(Caption-style text data)
——————————

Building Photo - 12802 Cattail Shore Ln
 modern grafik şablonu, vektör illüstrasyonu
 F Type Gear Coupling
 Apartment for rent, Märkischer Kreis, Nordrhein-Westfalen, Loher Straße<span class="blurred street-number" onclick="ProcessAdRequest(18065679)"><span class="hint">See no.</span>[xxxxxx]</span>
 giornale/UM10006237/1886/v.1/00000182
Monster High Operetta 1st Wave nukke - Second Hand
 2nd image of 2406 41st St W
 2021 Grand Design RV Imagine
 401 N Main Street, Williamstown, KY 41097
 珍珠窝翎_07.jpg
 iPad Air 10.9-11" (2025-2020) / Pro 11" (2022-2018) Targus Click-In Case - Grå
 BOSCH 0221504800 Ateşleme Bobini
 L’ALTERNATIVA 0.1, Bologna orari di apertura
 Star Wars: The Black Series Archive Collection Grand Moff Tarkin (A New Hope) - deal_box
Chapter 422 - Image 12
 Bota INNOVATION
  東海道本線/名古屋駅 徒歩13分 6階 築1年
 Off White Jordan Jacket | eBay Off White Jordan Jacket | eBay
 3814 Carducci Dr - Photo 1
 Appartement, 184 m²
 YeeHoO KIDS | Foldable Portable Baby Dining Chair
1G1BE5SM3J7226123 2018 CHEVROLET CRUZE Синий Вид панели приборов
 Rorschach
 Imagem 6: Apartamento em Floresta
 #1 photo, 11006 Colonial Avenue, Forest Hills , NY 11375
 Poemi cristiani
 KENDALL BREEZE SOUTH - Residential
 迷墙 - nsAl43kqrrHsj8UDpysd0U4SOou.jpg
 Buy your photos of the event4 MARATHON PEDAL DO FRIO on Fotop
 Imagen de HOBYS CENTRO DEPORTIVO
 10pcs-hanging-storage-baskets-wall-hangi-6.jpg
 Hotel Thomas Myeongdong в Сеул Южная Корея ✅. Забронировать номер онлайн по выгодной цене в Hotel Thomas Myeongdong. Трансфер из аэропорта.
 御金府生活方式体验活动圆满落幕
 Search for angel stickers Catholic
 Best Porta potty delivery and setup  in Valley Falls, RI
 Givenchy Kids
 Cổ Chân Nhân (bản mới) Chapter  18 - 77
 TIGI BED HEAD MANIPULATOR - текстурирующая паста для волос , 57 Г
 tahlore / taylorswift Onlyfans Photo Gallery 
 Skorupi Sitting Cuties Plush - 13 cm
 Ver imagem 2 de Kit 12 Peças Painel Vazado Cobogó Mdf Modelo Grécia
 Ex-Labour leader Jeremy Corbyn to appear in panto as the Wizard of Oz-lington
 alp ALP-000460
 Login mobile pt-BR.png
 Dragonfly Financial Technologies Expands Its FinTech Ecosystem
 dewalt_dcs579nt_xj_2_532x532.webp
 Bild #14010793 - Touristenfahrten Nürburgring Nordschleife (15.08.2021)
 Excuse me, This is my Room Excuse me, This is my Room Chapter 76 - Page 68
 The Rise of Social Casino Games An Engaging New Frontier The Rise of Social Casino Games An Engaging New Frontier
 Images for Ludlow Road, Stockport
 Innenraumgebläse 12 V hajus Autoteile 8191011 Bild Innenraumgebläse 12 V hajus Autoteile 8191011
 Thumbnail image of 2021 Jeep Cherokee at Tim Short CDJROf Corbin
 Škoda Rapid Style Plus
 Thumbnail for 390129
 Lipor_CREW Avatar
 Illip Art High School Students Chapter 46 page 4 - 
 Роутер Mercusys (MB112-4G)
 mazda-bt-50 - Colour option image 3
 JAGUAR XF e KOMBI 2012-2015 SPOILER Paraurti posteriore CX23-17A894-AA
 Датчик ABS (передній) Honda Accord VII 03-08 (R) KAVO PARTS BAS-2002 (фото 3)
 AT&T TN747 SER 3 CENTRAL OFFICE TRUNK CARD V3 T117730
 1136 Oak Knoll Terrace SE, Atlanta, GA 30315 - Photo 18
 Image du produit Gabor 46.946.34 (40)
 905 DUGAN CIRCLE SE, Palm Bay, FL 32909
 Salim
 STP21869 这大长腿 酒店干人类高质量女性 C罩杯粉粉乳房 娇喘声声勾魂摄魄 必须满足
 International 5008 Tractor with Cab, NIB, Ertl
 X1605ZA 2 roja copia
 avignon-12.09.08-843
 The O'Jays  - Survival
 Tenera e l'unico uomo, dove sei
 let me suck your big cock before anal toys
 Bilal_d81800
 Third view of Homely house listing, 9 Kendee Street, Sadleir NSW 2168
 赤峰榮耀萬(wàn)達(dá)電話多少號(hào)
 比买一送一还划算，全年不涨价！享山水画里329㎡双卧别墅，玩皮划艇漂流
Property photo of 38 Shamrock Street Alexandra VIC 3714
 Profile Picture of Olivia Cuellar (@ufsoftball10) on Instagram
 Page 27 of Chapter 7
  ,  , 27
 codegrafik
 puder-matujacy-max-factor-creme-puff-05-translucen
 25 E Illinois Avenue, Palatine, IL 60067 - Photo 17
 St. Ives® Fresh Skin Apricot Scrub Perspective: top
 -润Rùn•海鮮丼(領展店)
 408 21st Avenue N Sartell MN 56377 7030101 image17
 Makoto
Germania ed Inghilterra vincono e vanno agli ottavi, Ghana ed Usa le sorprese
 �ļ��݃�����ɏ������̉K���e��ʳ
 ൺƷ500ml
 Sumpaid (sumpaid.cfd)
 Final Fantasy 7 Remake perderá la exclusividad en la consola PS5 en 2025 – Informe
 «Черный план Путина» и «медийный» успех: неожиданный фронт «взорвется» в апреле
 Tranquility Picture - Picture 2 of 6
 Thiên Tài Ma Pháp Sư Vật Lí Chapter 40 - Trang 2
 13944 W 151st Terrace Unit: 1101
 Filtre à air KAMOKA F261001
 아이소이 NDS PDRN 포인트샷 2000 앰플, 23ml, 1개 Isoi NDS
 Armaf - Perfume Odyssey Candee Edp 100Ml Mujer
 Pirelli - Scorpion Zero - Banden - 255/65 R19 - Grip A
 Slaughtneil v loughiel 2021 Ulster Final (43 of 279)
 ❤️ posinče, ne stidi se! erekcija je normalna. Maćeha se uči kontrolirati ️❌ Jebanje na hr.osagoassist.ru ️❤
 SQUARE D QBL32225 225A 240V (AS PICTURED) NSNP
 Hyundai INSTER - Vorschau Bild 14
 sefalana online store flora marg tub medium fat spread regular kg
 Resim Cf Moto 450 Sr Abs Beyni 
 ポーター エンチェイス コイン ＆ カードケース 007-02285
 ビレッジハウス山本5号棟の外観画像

——————————

- **EXERCISE OBJECTIVE**
Repeat the data. Leave nothing out and change nothing.

- **RESPONSE TO THIS EXERCISE**
Building Photo - 12802 Cattail Shore Ln
 modern grafik şablonu, vektör illüstrasyonu
 F Type Gear Coupling
 Apartment for rent, Märkischer Kreis, Nordrhein-Westfalen, Loher Straße<span class="blurred street-number" onclick="ProcessAdRequest(18065679)"><span class="hint">See no.</span>[xxxxxx]</span>
 giornale/UM10006237/1886/v.1/00000182
Monster High Operetta 1st Wave nukke - Second Hand
 2nd image of 2406 41st St W
 2021 Grand Design RV Imagine
 401 N Main Street, Williamstown, KY 41097
 珍珠窝翎_07.jpg
 iPad Air 10.9-11" (2025-2020) / Pro 11" (2022-2018) Targus Click-In Case - Grå
 BOSCH 0221504800 Ateşleme Bobini
 L’ALTERNATIVA 0.1, Bologna orari di apertura
 Star Wars: The Black Series Archive Collection Grand Moff Tarkin (A New Hope) - deal_box
Chapter 422 - Image 12
 Bota INNOVATION
  東海道本線/名古屋駅 徒歩13分 6階 築1年
 Off White Jordan Jacket | eBay Off White Jordan Jacket | eBay
 3814 Carducci Dr - Photo 1
 Appartement, 184 m²
 YeeHoO KIDS | Foldable Portable Baby Dining Chair
1G1BE5SM3J7226123 2018 CHEVROLET CRUZE Синий Вид панели приборов
 Rorschach
 Imagem 6: Apartamento em Floresta
 #1 photo, 11006 Colonial Avenue, Forest Hills , NY 11375
 Poemi cristiani
 KENDALL BREEZE SOUTH - Residential
 迷墙 - nsAl43kqrrHsj8UDpysd0U4SOou.jpg
 Buy your photos of the event4 MARATHON PEDAL DO FRIO on Fotop
 Imagen de HOBYS CENTRO DEPORTIVO
 10pcs-hanging-storage-baskets-wall-hangi-6.jpg
 Hotel Thomas Myeongdong в Сеул Южная Корея ✅. Забронировать номер онлайн по выгодной цене в Hotel Thomas Myeongdong. Трансфер из аэропорта.
 御金府生活方式体验活动圆满落幕
 Search for angel stickers Catholic
 Best Porta potty delivery and setup  in Valley Falls, RI
 Givenchy Kids
 Cổ Chân Nhân (bản mới) Chapter  18 - 77
 TIGI BED HEAD MANIPULATOR - текстурирующая паста для волос , 57 Г
 tahlore / taylorswift Onlyfans Photo Gallery 
 Skorupi Sitting Cuties Plush - 13 cm
 Ver imagem 2 de Kit 12 Peças Painel Vazado Cobogó Mdf Modelo Grécia
 Ex-Labour leader Jeremy Corbyn to appear in panto as the Wizard of Oz-lington
 alp ALP-000460
 Login mobile pt-BR.png
 Dragonfly Financial Technologies Expands Its FinTech Ecosystem
 dewalt_dcs579nt_xj_2_532x532.webp
 Bild #14010793 - Touristenfahrten Nürburgring Nordschleife (15.08.2021)
 Excuse me, This is my Room Excuse me, This is my Room Chapter 76 - Page 68
 The Rise of Social Casino Games An Engaging New Frontier The Rise of Social Casino Games An Engaging New Frontier
 Images for Ludlow Road, Stockport
 Innenraumgebläse 12 V hajus Autoteile 8191011 Bild Innenraumgebläse 12 V hajus Autoteile 8191011
 Thumbnail image of 2021 Jeep Cherokee at Tim Short CDJROf Corbin
 Škoda Rapid Style Plus
 Thumbnail for 390129
 Lipor_CREW Avatar
 Illip Art High School Students Chapter 46 page 4 - 
 Роутер Mercusys (MB112-4G)
 mazda-bt-50 - Colour option image 3
 JAGUAR XF e KOMBI 2012-2015 SPOILER Paraurti posteriore CX23-17A894-AA
 Датчик ABS (передній) Honda Accord VII 03-08 (R) KAVO PARTS BAS-2002 (фото 3)
 AT&T TN747 SER 3 CENTRAL OFFICE TRUNK CARD V3 T117730
 1136 Oak Knoll Terrace SE, Atlanta, GA 30315 - Photo 18
 Image du produit Gabor 46.946.34 (40)
 905 DUGAN CIRCLE SE, Palm Bay, FL 32909
 Salim
 STP21869 这大长腿 酒店干人类高质量女性 C罩杯粉粉乳房 娇喘声声勾魂摄魄 必须满足
 International 5008 Tractor with Cab, NIB, Ertl
 X1605ZA 2 roja copia
 avignon-12.09.08-843
 The O'Jays  - Survival
 Tenera e l'unico uomo, dove sei
 let me suck your big cock before anal toys
 Bilal_d81800
 Third view of Homely house listing, 9 Kendee Street, Sadleir NSW 2168
 赤峰榮耀萬(wàn)達(dá)電話多少號(hào)
 比买一送一还划算，全年不涨价！享山水画里329㎡双卧别墅，玩皮划艇漂流
Property photo of 38 Shamrock Street Alexandra VIC 3714
 Profile Picture of Olivia Cuellar (@ufsoftball10) on Instagram
 Page 27 of Chapter 7
  ,  , 27
 codegrafik
 puder-matujacy-max-factor-creme-puff-05-translucen
 25 E Illinois Avenue, Palatine, IL 60067 - Photo 17
 St. Ives® Fresh Skin Apricot Scrub Perspective: top
 -润Rùn•海鮮丼(領展店)
 408 21st Avenue N Sartell MN 56377 7030101 image17
 Makoto
Germania ed Inghilterra vincono e vanno agli ottavi, Ghana ed Usa le sorprese
 �ļ��݃�����ɏ������̉K���e��ʳ
 ൺƷ500ml
 Sumpaid (sumpaid.cfd)
 Final Fantasy 7 Remake perderá la exclusividad en la consola PS5 en 2025 – Informe
 «Черный план Путина» и «медийный» успех: неожиданный фронт «взорвется» в апреле
 Tranquility Picture - Picture 2 of 6
 Thiên Tài Ma Pháp Sư Vật Lí Chapter 40 - Trang 2
 13944 W 151st Terrace Unit: 1101
 Filtre à air KAMOKA F261001
 아이소이 NDS PDRN 포인트샷 2000 앰플, 23ml, 1개 Isoi NDS
 Armaf - Perfume Odyssey Candee Edp 100Ml Mujer
 Pirelli - Scorpion Zero - Banden - 255/65 R19 - Grip A
 Slaughtneil v loughiel 2021 Ulster Final (43 of 279)
 ❤️ posinče, ne stidi se! erekcija je normalna. Maćeha se uči kontrolirati ️❌ Jebanje na hr.osagoassist.ru ️❤
 SQUARE D QBL32225 225A 240V (AS PICTURED) NSNP
 Hyundai INSTER - Vorschau Bild 14
 sefalana online store flora marg tub medium fat spread regular kg
 Resim Cf Moto 450 Sr Abs Beyni 
 ポーター エンチェイス コイン ＆ カードケース 007-02285
 ビレッジハウス山本5号棟の外観画像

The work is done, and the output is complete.